Dhobhi : hindi term for the guy who washes your clothes for you. Sometimes used generically for the guy who irons your clothes instead of the longer drawn : istriwallah

9 comments:

Athena said...

Hi there, went through your blog on the laundry bit...funny :)
Stop converting to INR..u will go nuts.... :p

Michelle said...

Hi Karishma, I love your Egypt blog. Was laughing out loud at the ironing saga Totally relate to the advice... my poor husband has started ironing his own clothes and mine too Are you working in Egypt too?

Anonymous said...

I laughed out to read your "ironing mantle", specially the tips to easy "get away" by doing sloppy job.
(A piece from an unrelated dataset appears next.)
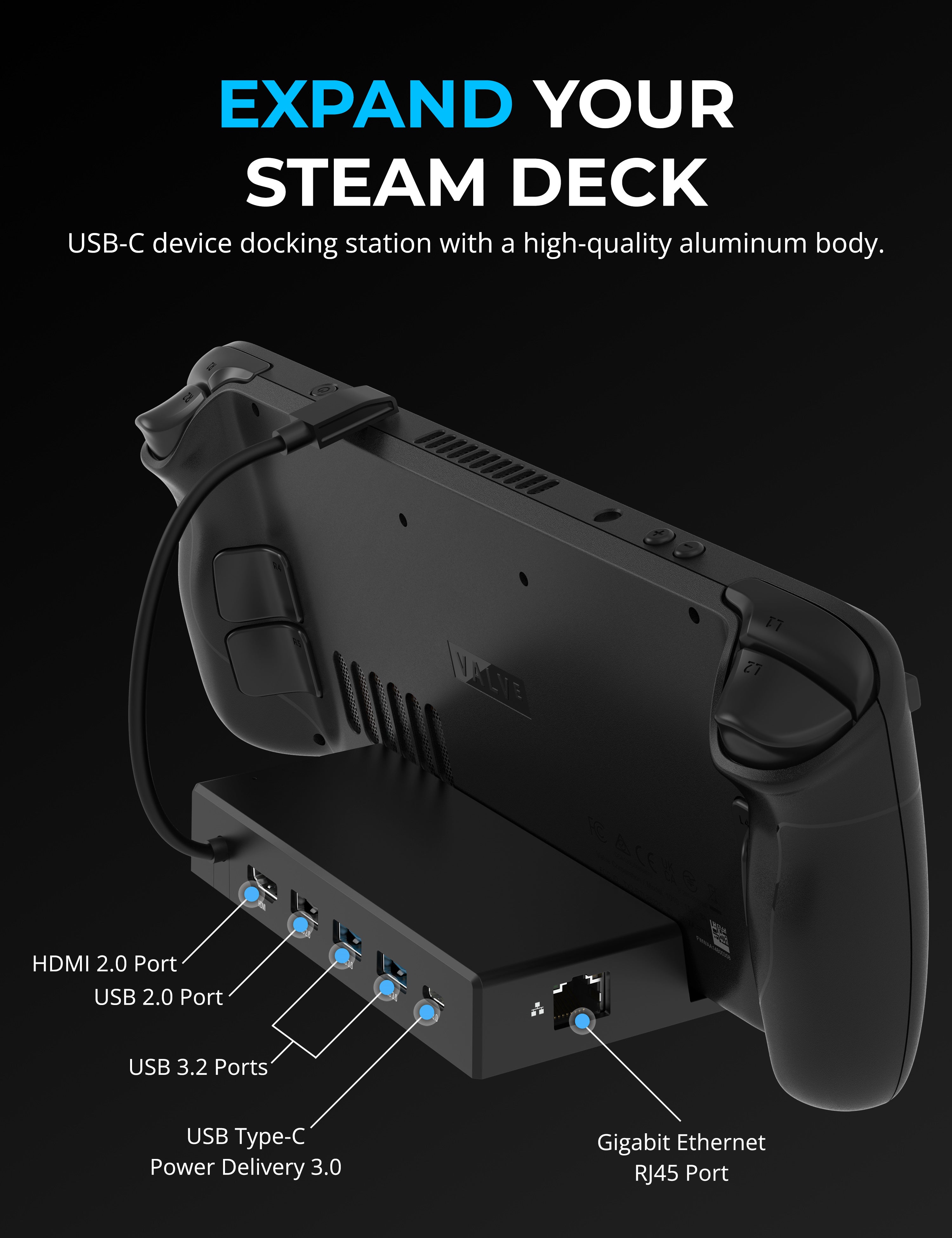 Accessories for Steam Deck Dock Station RJ45 Ethernet 60Hz Gamer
However, some kinda realities in living "away from home" ... a price for quiet living abroad. Buy wrinkle free clothing for hubby that can be thrown in dryer to see it fresh and neat again. Salwars ... a NO NO unless u can afford dry cleaning. In Egypt wear (egyptian) cotton, the comfortable wear and who needs ironing when u throw it in dryer. Just try.

temporal said...

tell bubbly hubbly to chip in and iron his own clothes

(and don't take no for an answer;))

Lady Colleen Heller said...
This comment has been removed by a blog administrator.
Lady Colleen Heller said...

Hi Karishma Pais,

I read some of your writings and laughed with my tea in hand this morning! Egypt certainly has its special side to living here. Is Kim your trade name?

Kim said...

Athena,
u must have empathised with the nuns & skirts LOL
It takes me at least a month to stop converting. Bcos as of now thats the only way to check if i feel that soemthing is too expensive or right pruce. Once i establish a base level of prices in Egyptian pounds, I'll stop naturally. Went thru the same thing when i was in the US. The funny part was I adjusted quite quickly there, but when I came back to India I went on a huge shopping spree, bcos I was converting to USD & everything was So Cheap !!!! :)

Michelle,
U r a lucky bum. A husband who irons & cooks too. I'm sendin mine over to Wirral for training :)

Anonymous,
Thanks for the tips. I think it makes sense to buy a dryer if its going to save me the effort of ironing.

Temporal,
Wish I could take yr advice, but I'm useless at being assertive when faced with cute smiles from hubby.

Lady Colleen,
I'm contacting you off list. Kim is a name I've been known by for over the last 20 years. Hope you didnt have an accident with the tea :)

Kripal Pais said...

hey kim,
thats a pretty long post. looks like u have lots of spare time on your hands in egypt.(grin) Which is good for me. You finally appreciating your brothers in all your flashbacks (double grin) yeah i know. Absence makes the heart grow fonder. :-)Yeah with the exam done i also have lot more time on my hands.

SP said...

I think Egyptian makwagis do a much better job than the dhobis at home (my mother agrees, and she's hard to please). But the rate for a shirt is one pound, not 1.5! And if it's a short-sleeved shirt, 75 piastres. Tell your makwagi you know what the rate is (unless you speak no Arabic, in which case they'll charge you the khawaga rate and leave you sputtering)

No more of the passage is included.